▶ [EXERCISE DETAILS]:
Span requested from the data below: the line with "El consumo de combustible" through the line with "Screenshot van Tibco", both included. Give only these lines again, exactly, and leave every picture out.

▶ [DATA FOR THIS TASK]:
- - - - -
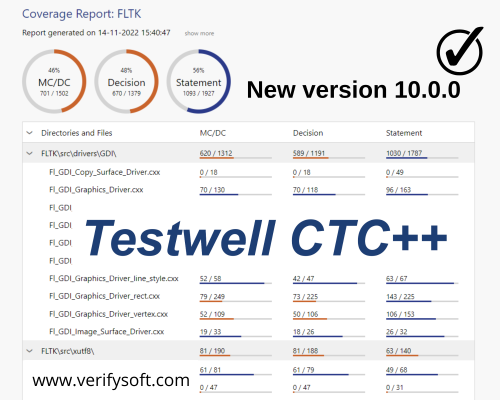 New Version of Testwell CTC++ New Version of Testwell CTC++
- - - - -
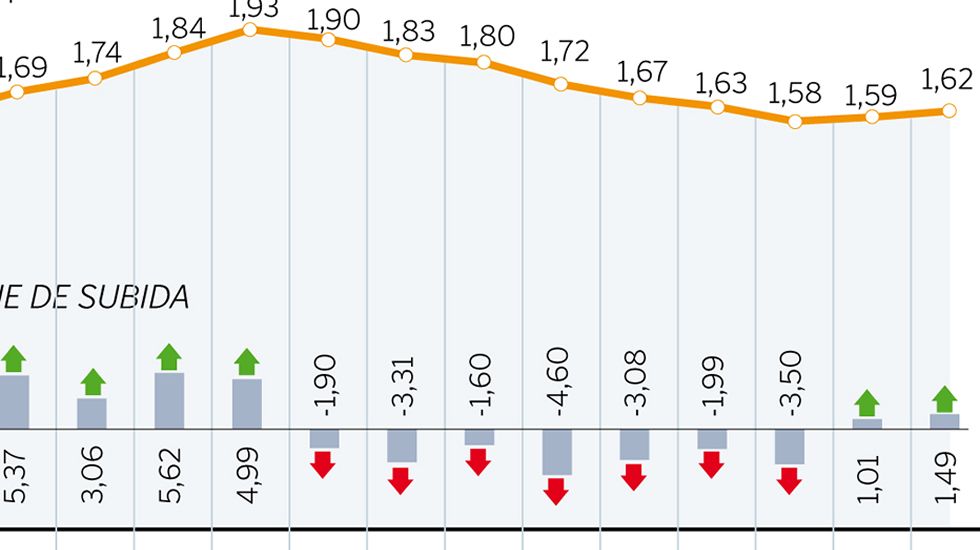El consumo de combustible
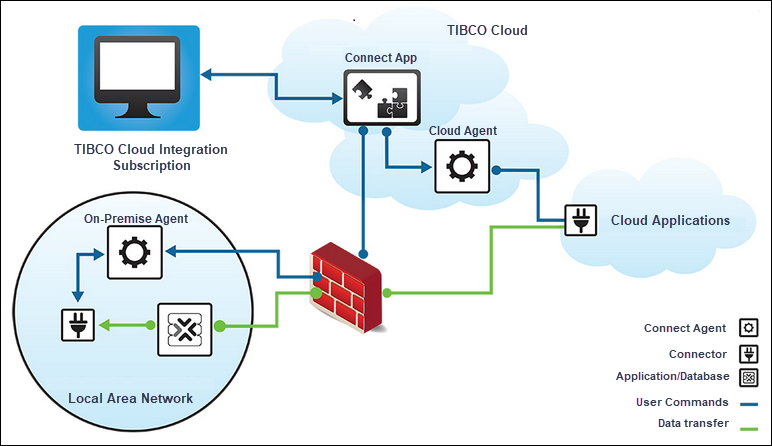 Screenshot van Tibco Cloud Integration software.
- - - - -
▶ [OUTPUT FOR THIS EXERCISE]:
El consumo de combustible
 Screenshot van Tibco Cloud Integration software.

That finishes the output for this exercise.